FCC Lowers Phone Company Reporting Requirements

Published December 1, 2008

Federal regulators have agreed to cut the amount of information they collect from the country’s largest phone companies about service quality and customer complaints.

The Federal Communications Commission in September approved a request from AT&T to allow the company to stop filing yearly reports on service quality, customer satisfaction, and infrastructure investment. The company said the reports were not necessary and were too expensive to prepare.

Activists Push Back

The move sets the stage for letting other major carriers do the same—over the objections of consumer groups, who say poor phone service will follow.

FCC began requiring carriers to file Automated Reporting Management Information System (ARMIS) reports in 1990, saying the reports were necessary to ensure carriers were not reducing the quality of their networks to increase profits. Some analysts say the reports are unnecessary now because consumers are able to switch to other carriers if service isn’t what they expect.

The reports were required only from the largest landline carriers, not from smaller carriers or cable and wireless telephone service providers. But even this incomplete information kept most carriers on their toes, some experts argue.

“Without this type of reporting, how do consumers push back when telecom firms don’t meet their requirements?” said Peter Radizeski, telecom specialist for Tampa, Florida-based RAD-INFO, Inc. He said Verizon had a poor record on these reports for a few years and that kept the firm from getting government approval for expansion in Maryland.
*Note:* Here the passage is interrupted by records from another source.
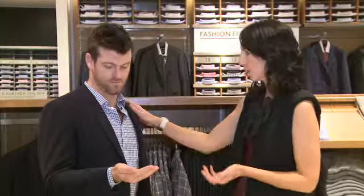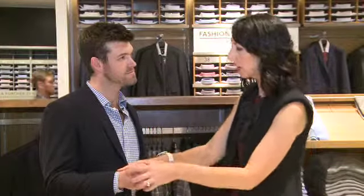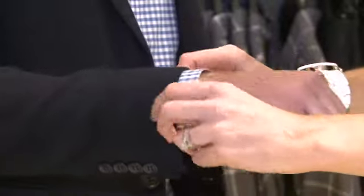Particularly when dressing for a more formal occasion, certainly when wearing a business suit or a nice sports jacket, you always want a little bit of the shirt cuff to show from underneath your jacket cuff. That is the correct way to match your jacket with your shirt. Looks fantastic, thanks Sally.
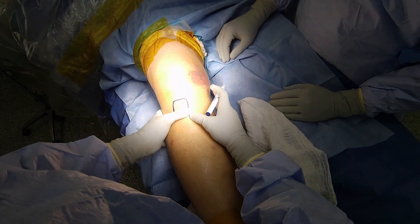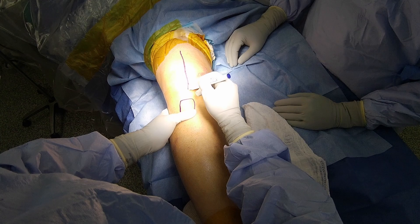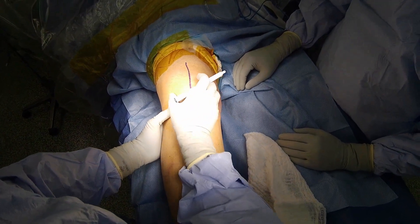He tore his patellar tendon during a fall while bowling. The patient has been prepped with the right patella upwards, given tranexamic acid and antibiotics. A tourniquet was used under the drapes for this case.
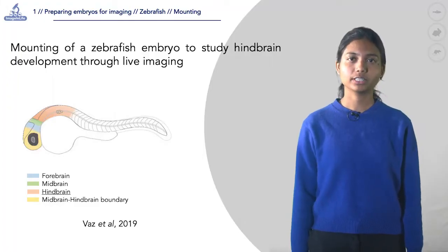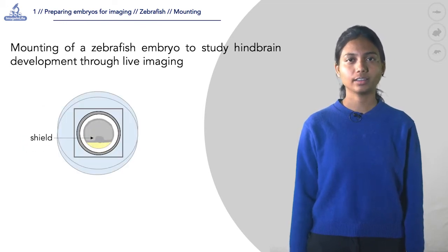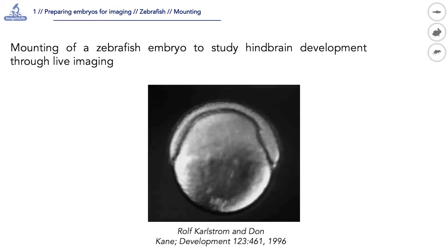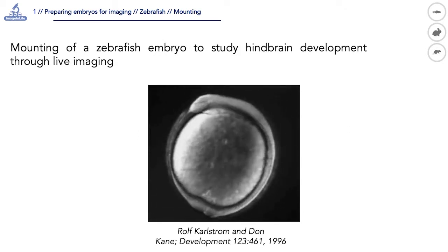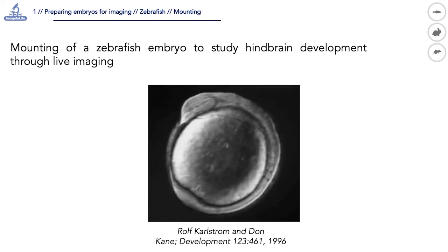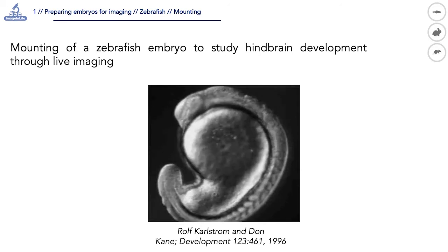To study hindbrain development in a zebrafish embryo through long-term live imaging, mounting the embryo in the proper orientation is a critical step. Here we show the mounting of an embryo at the shield stage, which is six hours post fertilization, for imaging from early gastrulation till late neurulation stage using an upright microscope.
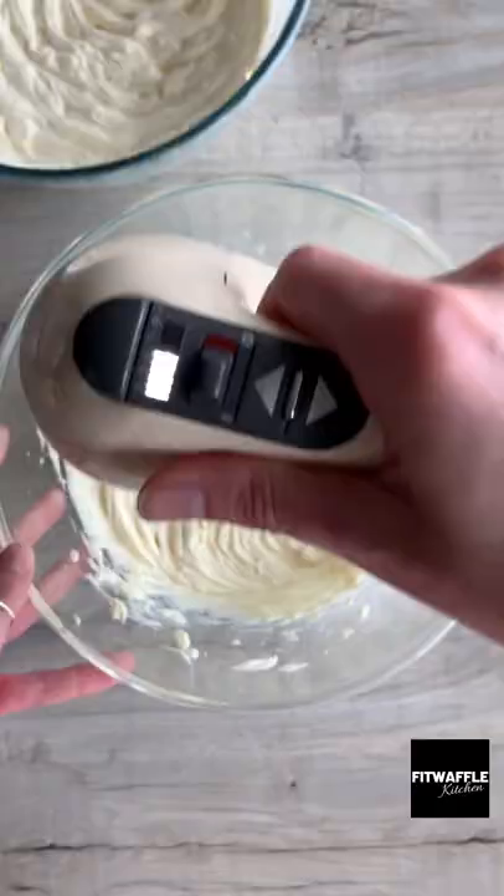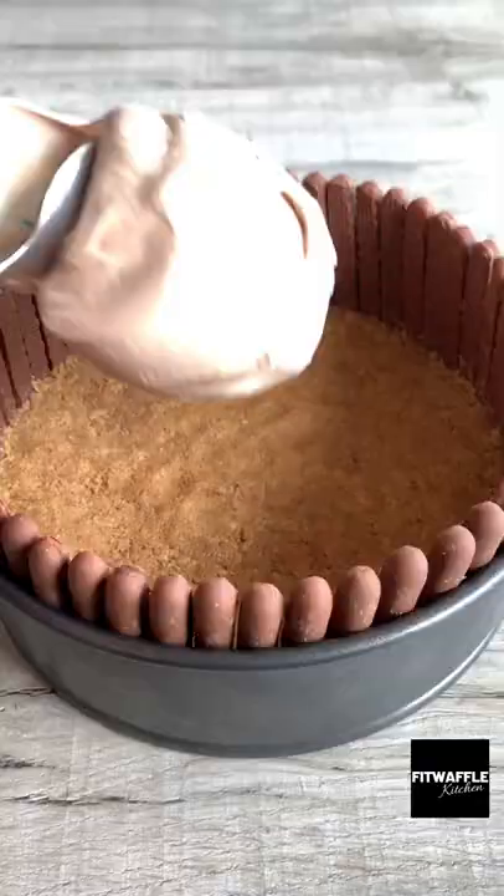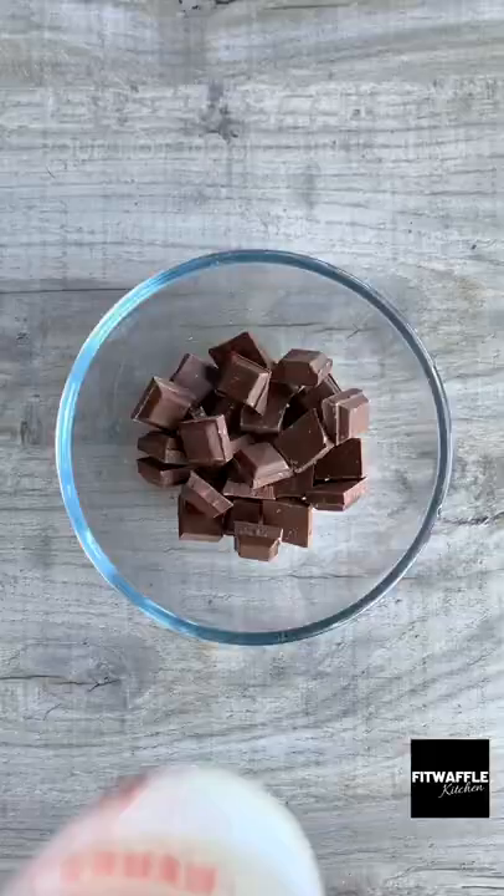Pour double cream into a bowl and whisk to stiff peaks. In another bowl, whisk together cream cheese and icing sugar until smooth. Then add your melted chocolate and whisk until combined. Add your whipped cream and fold this in, then scoop the mix onto your base and smooth it out.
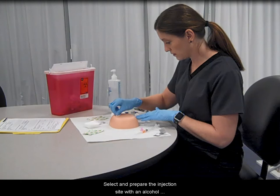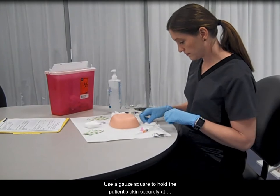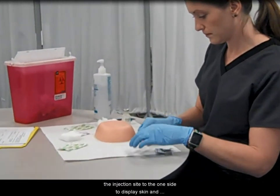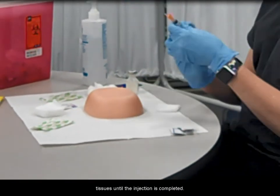Select and prepare the injection site with an alcohol prep pad. Allow the alcohol to air dry. Use a gauze square to hold the patient's skin securely at the injection site, pulling to one side to displace the skin and tissues until the injection is completed.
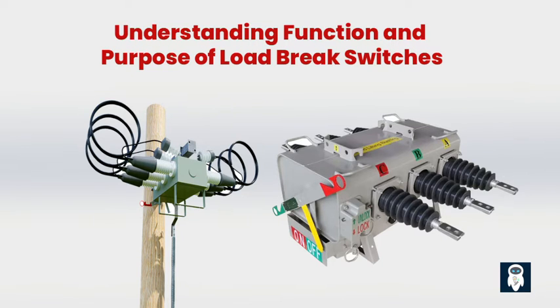Another important purpose of a load brake switch is to disconnect loads from the power supply without causing any electrical disturbances. For example, if you need to work on a section of the power network or replace some equipment, a load brake switch allows you to disconnect that specific part without affecting the rest of the system. It isolates the load from the power source so you can perform maintenance or repairs without causing a blackout in the whole neighborhood.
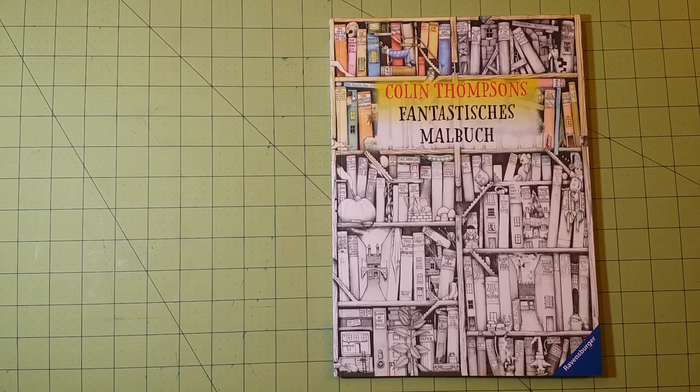Hello, my name is Sarah, and this is a coloring book review for Colin Thompson's — I believe this is translated something like Fantastic Coloring Book, Fantastic Book, something along those lines.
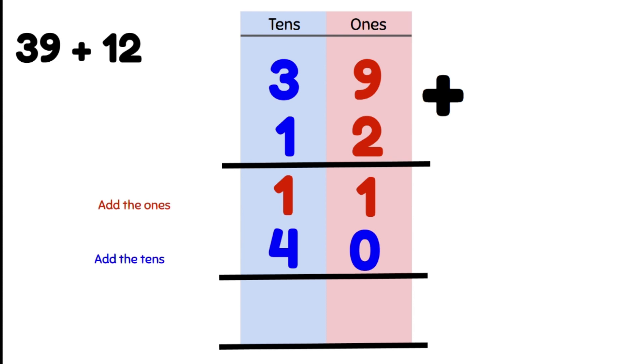Our next step is we're going to add our answers together. First we add our ones: 1 plus 0 gives us 1, so we write it in the bottom row. Now we do our tens: 1 ten plus 4 tens gives us 5 tens. So our answer is 5 tens and 1, or 51.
But Steve Titch, a telecom analyst for the Los Angeles-based Reason Foundation, says the regulation calling for regular reporting was borne out of the telecom monopoly age, when consumers had a choice of one phone company or no service. The reports were justified decades ago, he said, because consumers had few market choices and their complaints carried little weight with the phone company.

Expense Called Unnecessary

Radizeski says he expects consumers to experience a lower quality of service without the accountability the reports provided.

But with multiple providers competing in most areas, consumers can choose from a variety of landline, wireless, and voice-over-Internet Protocol carriers, Titch notes. If consumers fail to get the service they desire from one company, he said, they can now easily switch to another carrier. Thus the need for expensive reports is gone.

“The reports included things like service outages and network availability,” Titch said. “They were very time-consuming and expensive to produce.”


Phil Britt ([email protected]) writes from South Holland, Illinois.